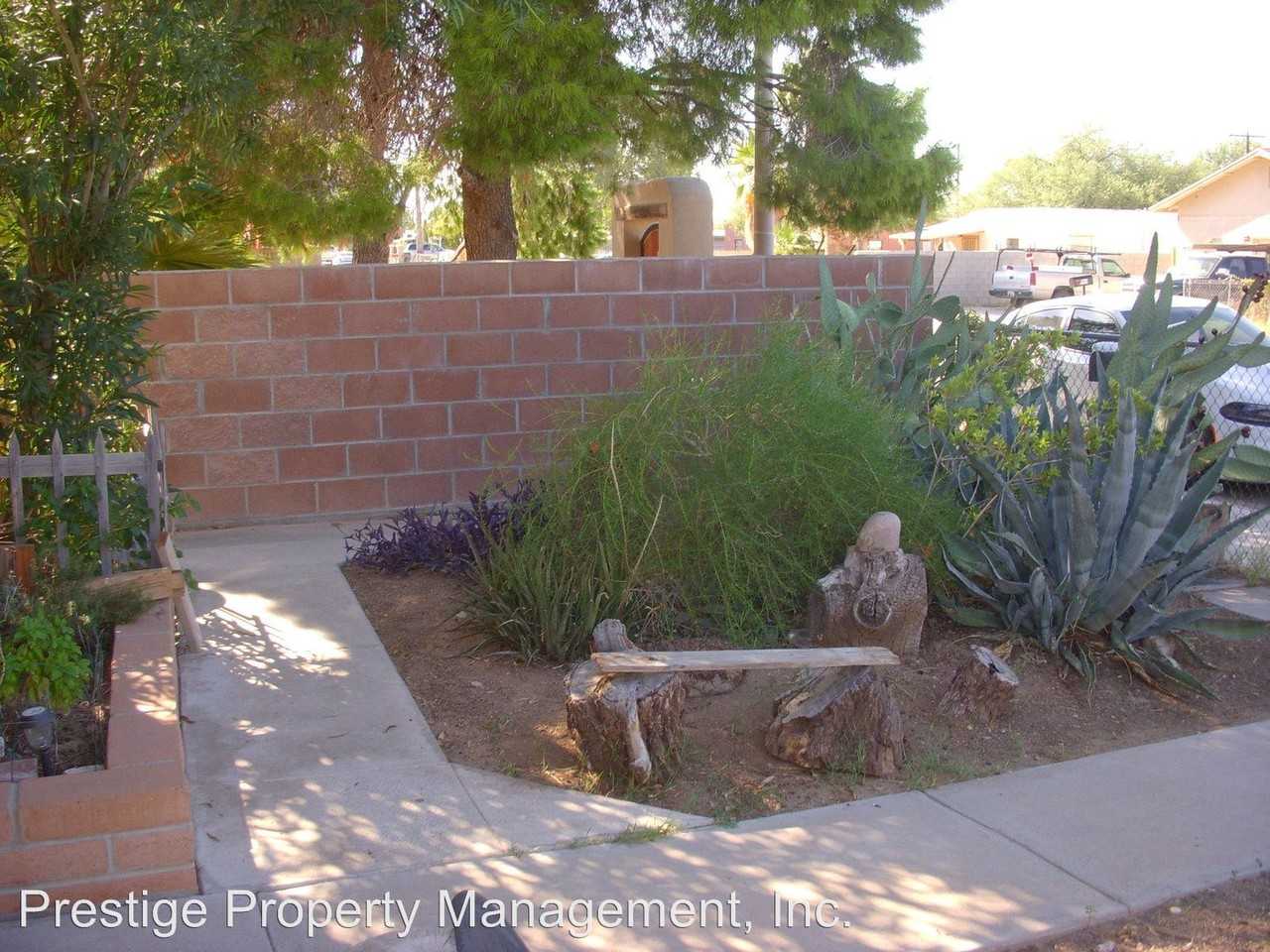 731 W Paris Promenade - Photo 2 of 25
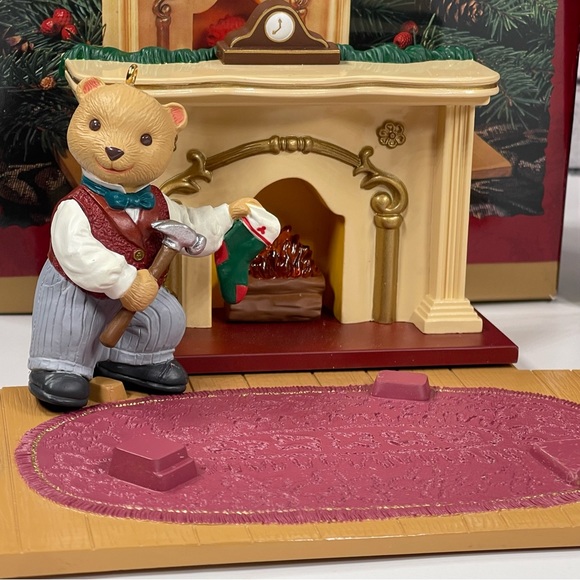 The Bearingers of Victoria Circle Vintage 1993 Hallmark Keepsake Ornamen… - Picture 6 of 11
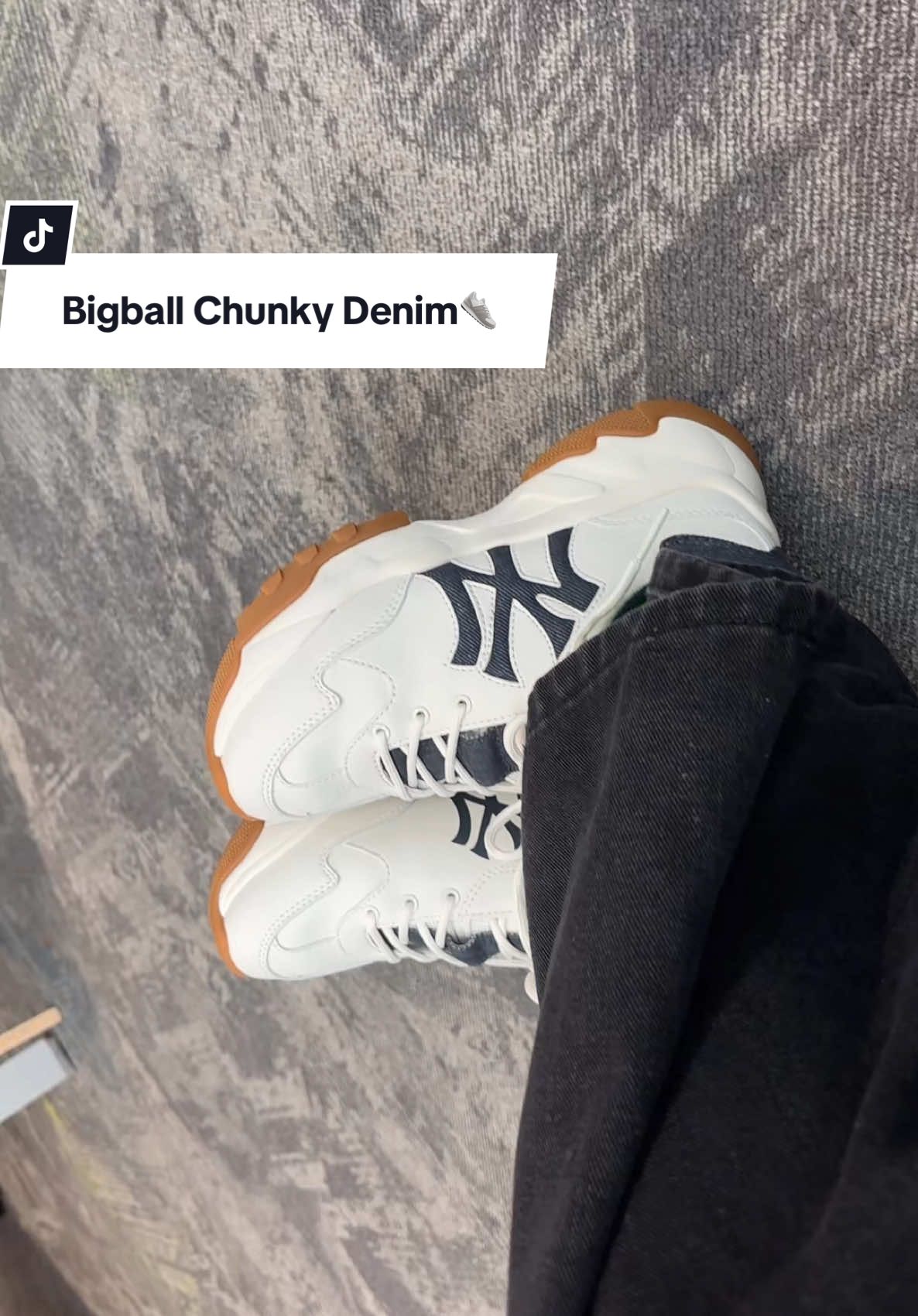 👟 Bigball รุ่นใหม่มาแล้วค่ะ เป็นการผสมผสานระหว่างผ้า Denim ที่ลงตัว #tiktokcmg #TikTokFashion #ป้ายยาtiktok #MLBThailand #MLBTHstyleup #MLBShoes
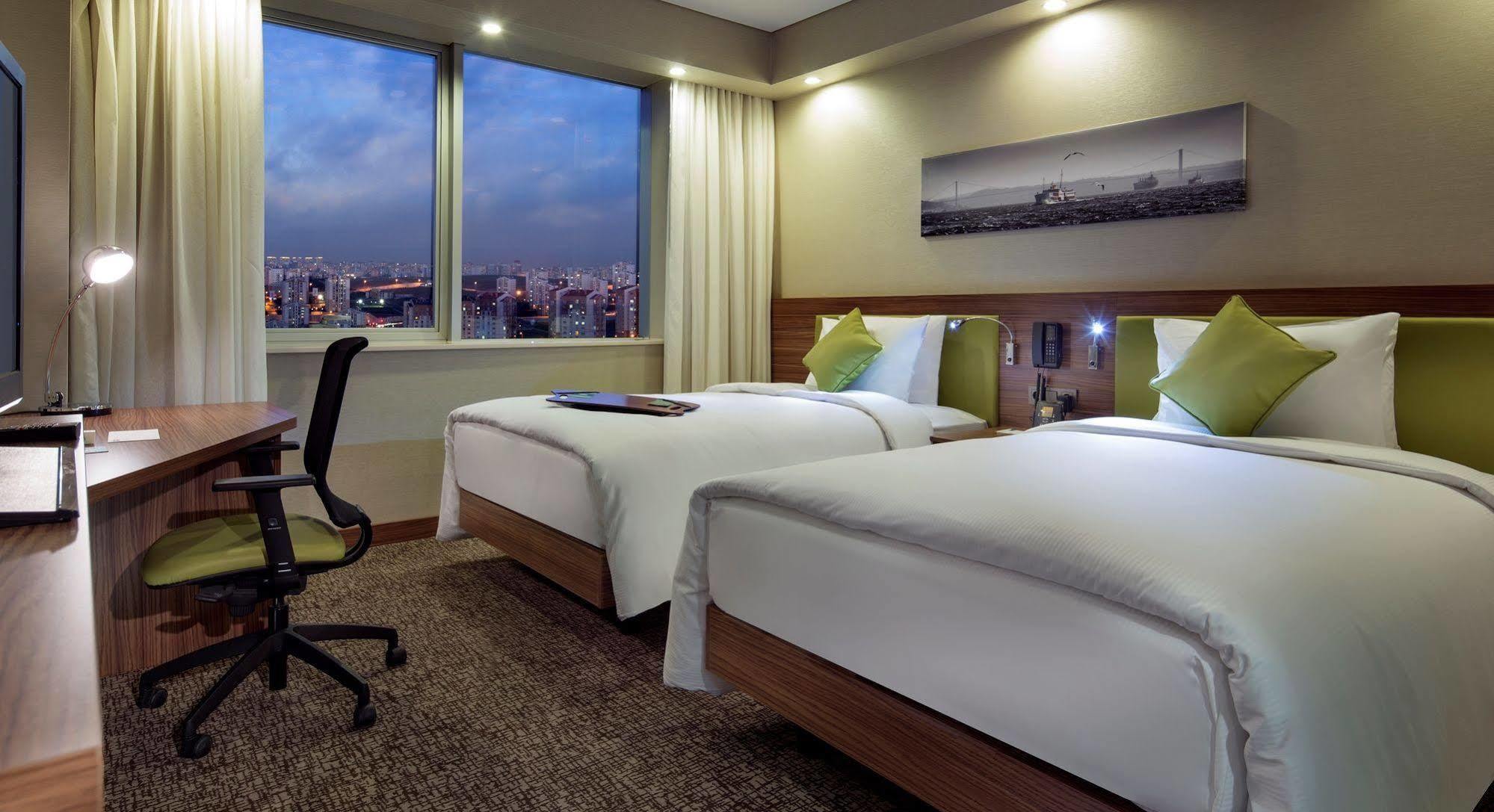 Hampton By Hilton Kayasehir Otel İstanbul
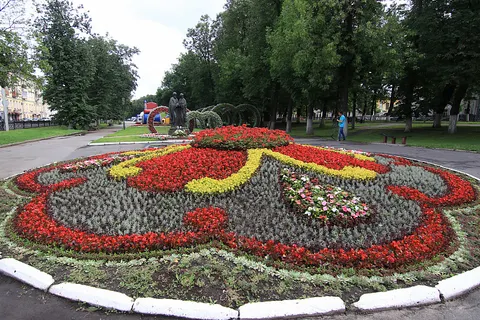 Ярославль закончили украшать цветами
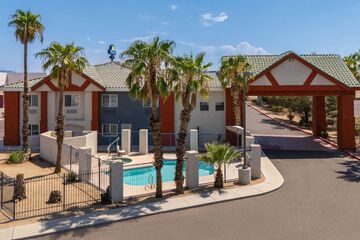 Days Inn by Wyndham Phoenix West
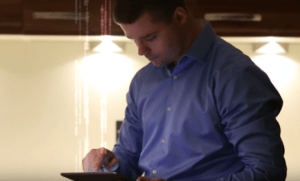 なんて呼ぶ？WiFiより100倍速のLED光波通信LiFiが次世代iPhoneに搭載？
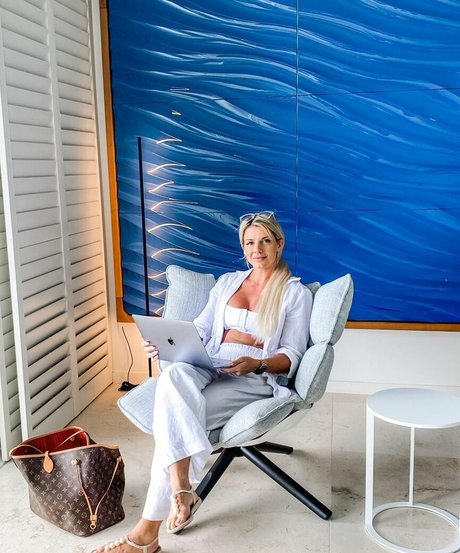 Asha Coulthard sexy model galleries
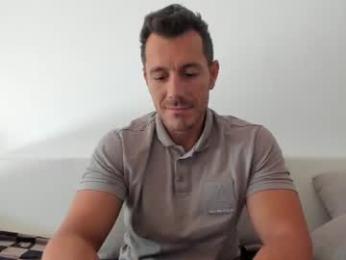 roberto4ever — modelo de webcam en línea en chaturbate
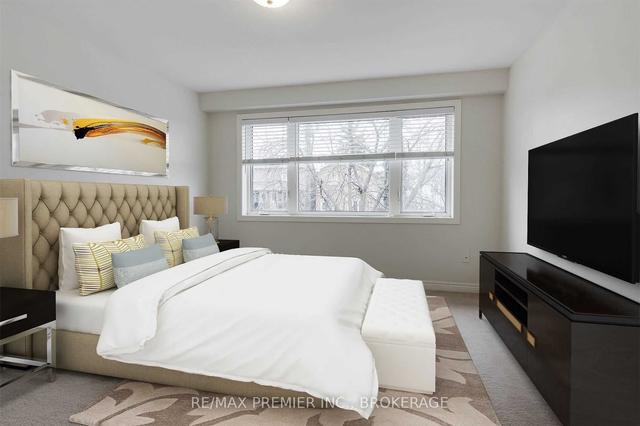 328 Gilbert Ave, House detached with 3 bedrooms, 2 bathrooms and 5 parking in Toronto ON | Image 11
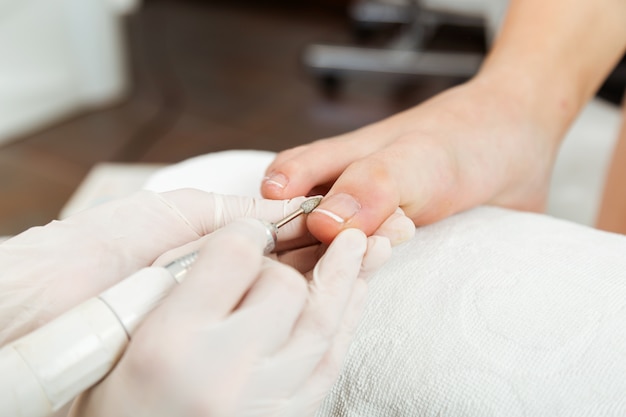 young-woman-doing-pedicure-salon-beauty-concept_1301-3373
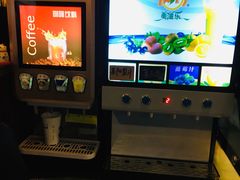 -第三空间·趣味桌游·轰趴.室内CS.剧本杀(大武汉1911店)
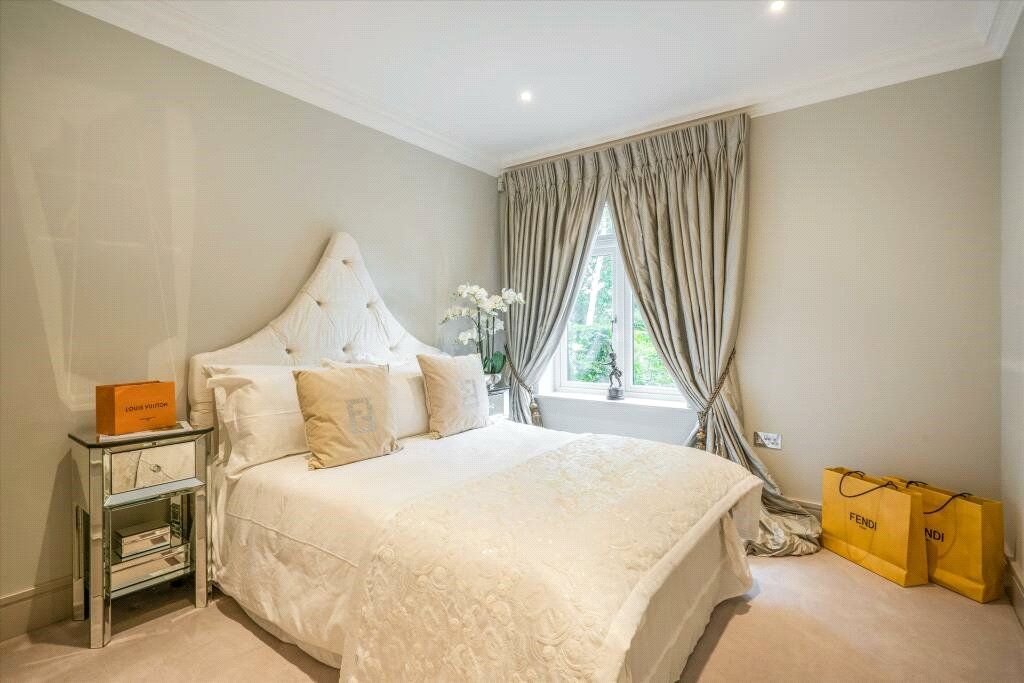 Additional image 11 of 2 bed flat for saleKings Ridge, Golf Drive, Camberley, Surrey GU15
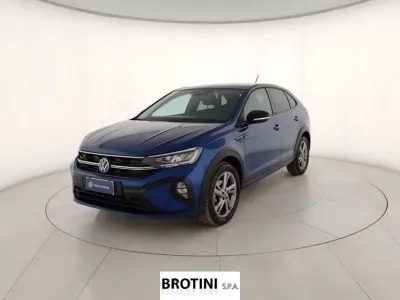 Usata VW Taigo R-line 110 CV (80 kW) 2023 Blu metallizzato SUV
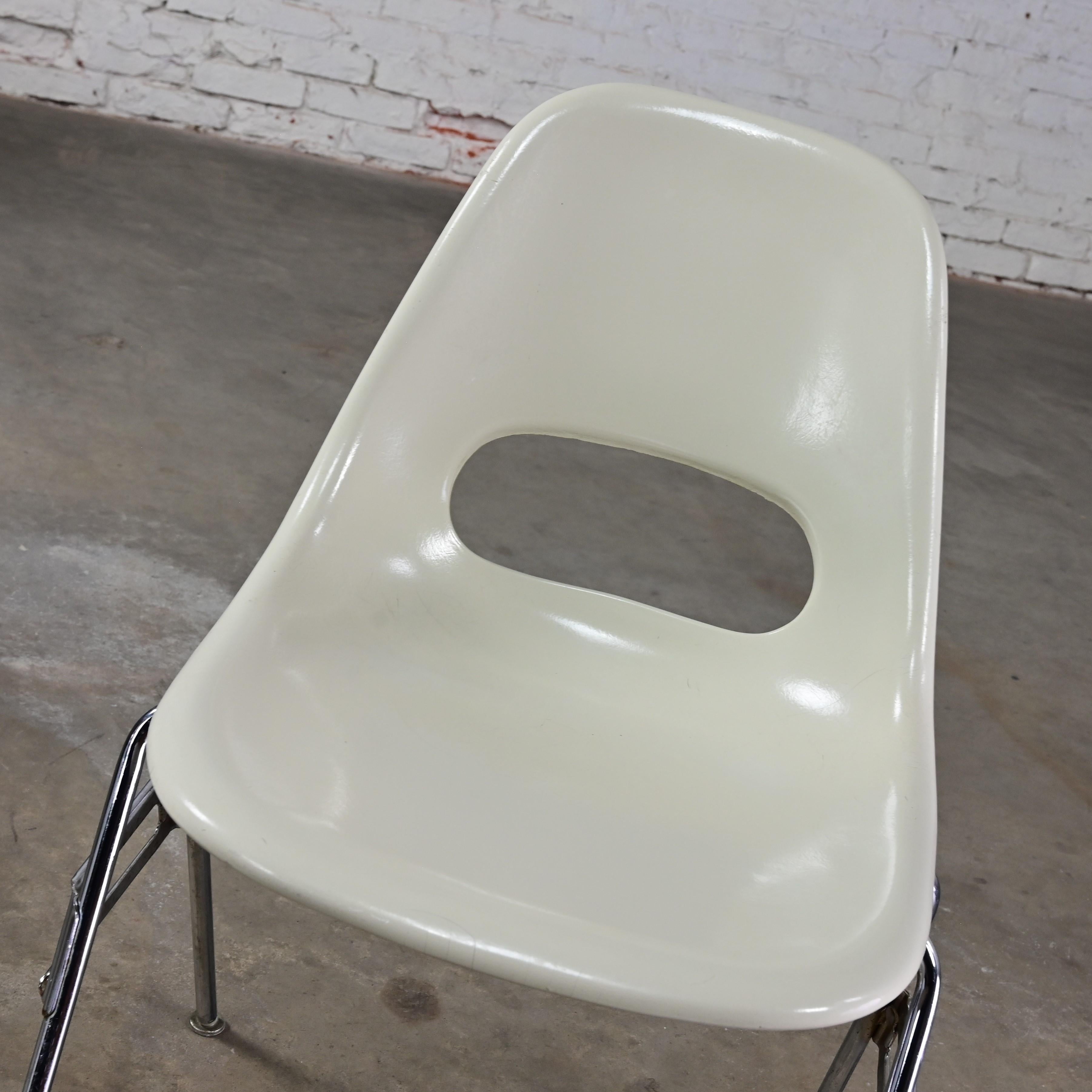 1960-70’s MCM Krueger International White Fiberglass & Chrome Stacking Chairs In Good Condition For Sale In Topeka, KS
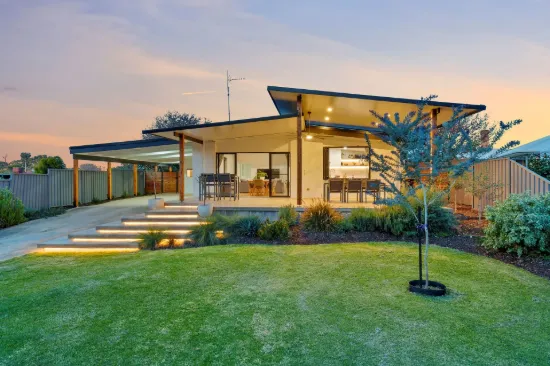 60 Charlotte Street, Tocumwal, NSW 2714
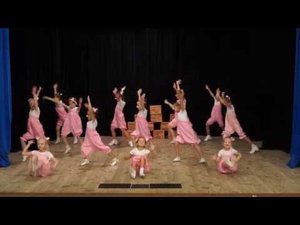 Театр танца "Элегия" (мл.). Танец "Строим дом". 22 октября 2017.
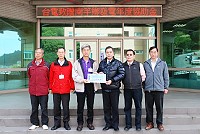 　台灣電力公司致贈連江縣南竿鄉公所101年度發電年度協助金新台幣一百萬元，由馬祖區營業處處長洪松華代表該公司，將支票轉交給鄉長朱秀平。（圖／文：劉秋月）  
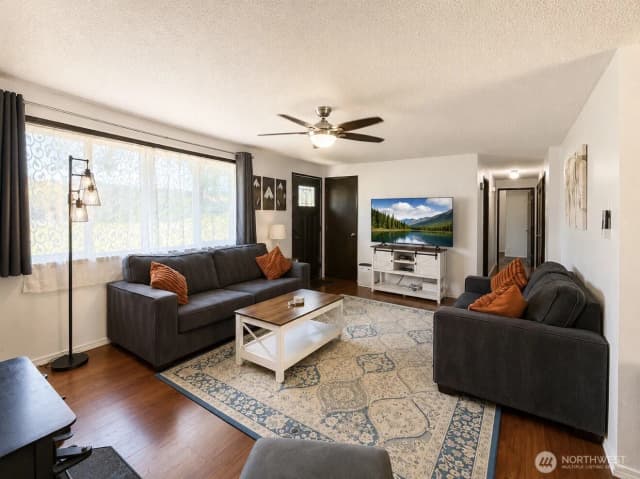 Property photo for 930 Robin Hood Loop, Forks photo 3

————————

Type out the data above once more, exactly, with no images included.

 731 W Paris Promenade - Photo 2 of 25
 The Bearingers of Victoria Circle Vintage 1993 Hallmark Keepsake Ornamen… - Picture 6 of 11
 👟 Bigball รุ่นใหม่มาแล้วค่ะ เป็นการผสมผสานระหว่างผ้า Denim ที่ลงตัว #tiktokcmg #TikTokFashion #ป้ายยาtiktok #MLBThailand #MLBTHstyleup #MLBShoes
 Hampton By Hilton Kayasehir Otel İstanbul
 Ярославль закончили украшать цветами
 Days Inn by Wyndham Phoenix West
 なんて呼ぶ？WiFiより100倍速のLED光波通信LiFiが次世代iPhoneに搭載？
 Asha Coulthard sexy model galleries
 roberto4ever — modelo de webcam en línea en chaturbate
 328 Gilbert Ave, House detached with 3 bedrooms, 2 bathrooms and 5 parking in Toronto ON | Image 11
 young-woman-doing-pedicure-salon-beauty-concept_1301-3373
 -第三空间·趣味桌游·轰趴.室内CS.剧本杀(大武汉1911店)
 Additional image 11 of 2 bed flat for saleKings Ridge, Golf Drive, Camberley, Surrey GU15
 Usata VW Taigo R-line 110 CV (80 kW) 2023 Blu metallizzato SUV
 1960-70’s MCM Krueger International White Fiberglass & Chrome Stacking Chairs In Good Condition For Sale In Topeka, KS
 60 Charlotte Street, Tocumwal, NSW 2714
 Театр танца "Элегия" (мл.). Танец "Строим дом". 22 октября 2017.
 　台灣電力公司致贈連江縣南竿鄉公所101年度發電年度協助金新台幣一百萬元，由馬祖區營業處處長洪松華代表該公司，將支票轉交給鄉長朱秀平。（圖／文：劉秋月）  
 Property photo for 930 Robin Hood Loop, Forks photo 3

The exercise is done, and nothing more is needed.